### ASSIGNMENT
Pull each line holding "Brake" out of the entries below.

### DATASET EXCERPTS
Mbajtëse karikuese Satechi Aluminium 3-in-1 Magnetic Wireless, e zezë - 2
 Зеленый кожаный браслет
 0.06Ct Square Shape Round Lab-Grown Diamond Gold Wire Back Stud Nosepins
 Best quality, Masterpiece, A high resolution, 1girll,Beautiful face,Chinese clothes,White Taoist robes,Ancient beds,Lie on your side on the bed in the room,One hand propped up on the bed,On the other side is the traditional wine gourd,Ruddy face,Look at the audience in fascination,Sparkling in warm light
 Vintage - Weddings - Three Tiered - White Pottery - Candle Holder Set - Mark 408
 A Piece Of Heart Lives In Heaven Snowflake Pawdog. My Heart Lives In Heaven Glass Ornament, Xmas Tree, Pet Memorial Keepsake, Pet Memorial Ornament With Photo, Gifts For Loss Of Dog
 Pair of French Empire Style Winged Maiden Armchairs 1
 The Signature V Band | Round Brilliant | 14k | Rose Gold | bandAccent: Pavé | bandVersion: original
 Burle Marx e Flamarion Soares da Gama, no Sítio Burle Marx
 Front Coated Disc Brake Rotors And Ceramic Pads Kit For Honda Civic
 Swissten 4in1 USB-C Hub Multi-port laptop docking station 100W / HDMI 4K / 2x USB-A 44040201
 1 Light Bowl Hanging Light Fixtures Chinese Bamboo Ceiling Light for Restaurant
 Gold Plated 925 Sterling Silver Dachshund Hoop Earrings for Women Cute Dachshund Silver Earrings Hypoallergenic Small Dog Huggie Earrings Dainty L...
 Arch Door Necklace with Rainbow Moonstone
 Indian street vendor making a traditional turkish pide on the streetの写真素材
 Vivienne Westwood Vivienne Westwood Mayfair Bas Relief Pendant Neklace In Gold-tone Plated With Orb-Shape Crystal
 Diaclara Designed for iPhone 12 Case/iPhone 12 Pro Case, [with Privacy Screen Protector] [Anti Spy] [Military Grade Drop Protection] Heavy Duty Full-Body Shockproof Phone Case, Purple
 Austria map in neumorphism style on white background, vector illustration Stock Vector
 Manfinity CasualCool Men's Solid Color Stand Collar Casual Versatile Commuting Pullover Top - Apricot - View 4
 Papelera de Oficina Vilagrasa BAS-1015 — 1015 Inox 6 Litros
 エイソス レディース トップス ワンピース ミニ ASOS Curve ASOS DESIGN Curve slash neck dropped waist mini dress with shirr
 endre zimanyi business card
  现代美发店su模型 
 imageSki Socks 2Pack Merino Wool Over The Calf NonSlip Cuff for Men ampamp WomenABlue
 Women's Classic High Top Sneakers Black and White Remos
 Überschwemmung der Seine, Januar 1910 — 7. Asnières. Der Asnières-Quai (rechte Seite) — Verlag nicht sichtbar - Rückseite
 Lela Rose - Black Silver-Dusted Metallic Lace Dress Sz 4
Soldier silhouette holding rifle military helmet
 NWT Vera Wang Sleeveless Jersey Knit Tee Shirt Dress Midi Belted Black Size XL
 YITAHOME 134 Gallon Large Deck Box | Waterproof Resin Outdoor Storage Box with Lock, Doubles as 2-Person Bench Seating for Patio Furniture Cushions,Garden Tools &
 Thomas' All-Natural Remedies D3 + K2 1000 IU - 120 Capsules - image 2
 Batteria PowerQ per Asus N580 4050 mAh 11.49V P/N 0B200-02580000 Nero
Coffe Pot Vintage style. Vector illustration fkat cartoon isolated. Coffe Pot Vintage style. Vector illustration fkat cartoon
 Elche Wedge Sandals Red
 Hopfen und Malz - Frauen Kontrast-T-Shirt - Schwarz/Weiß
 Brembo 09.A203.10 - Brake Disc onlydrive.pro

### YOUR RESPONSE
 Front Coated Disc Brake Rotors And Ceramic Pads Kit For Honda Civic
 Brembo 09.A203.10 - Brake Disc onlydrive.pro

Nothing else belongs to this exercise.